九州観光の試練と希望!ラグビーW杯で見えた「脱・韓国」シフトへの転換点

九州の観光業がいま、かつてない激動の渦中に立たされています。九州運輸局が2019年12月13日に公表した最新の統計データによれば、2019年9月に九州を訪れた外国人入国者数は26万9772人にとどまりました。これは前年の同じ月と比較して36.0%という大幅な落ち込みであり、実に9カ月連続で前年実績を下回るという厳しい現実を突きつけています。
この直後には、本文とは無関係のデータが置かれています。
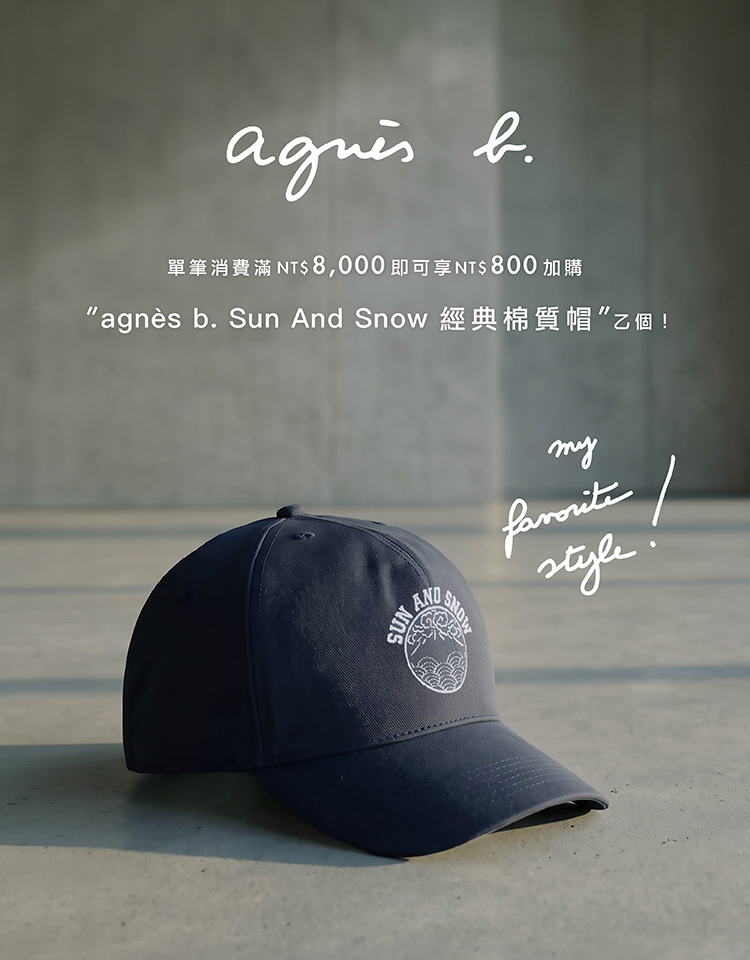 單筆消費滿 NT$8,000，即享以 NT$800 加購 agnès b. Sun And Snow 經典棉質帽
この急激な冷え込みの最大の要因は、冷え切った日韓関係にあります。韓国からの旅行者は、前年同月比で73.5%減の4万8540人という衝撃的な数字を記録しました。これは2013年に国や地域別の統計を開始して以来、過去最大の減少幅となります。政治的な緊張から旅行のキャンセルが相次ぎ、九州と韓国を繋ぐ空の便や船の便が運休・減便に追い込まれたことが、ダイレクトに反映される形となりました。

SNS上では、この状況に対して「行きつけの温泉地が静かになって寂しい」と嘆く声がある一方で、「今こそ特定の国に依存しすぎない観光戦略を立て直すべきだ」という、インバウンドの多様化を求める前向きな意見も目立っています。これまで九州がいかに韓国市場に支えられてきたかを痛感させられると同時に、依存度の高さという構造的な課題が浮き彫りになったといえるでしょう。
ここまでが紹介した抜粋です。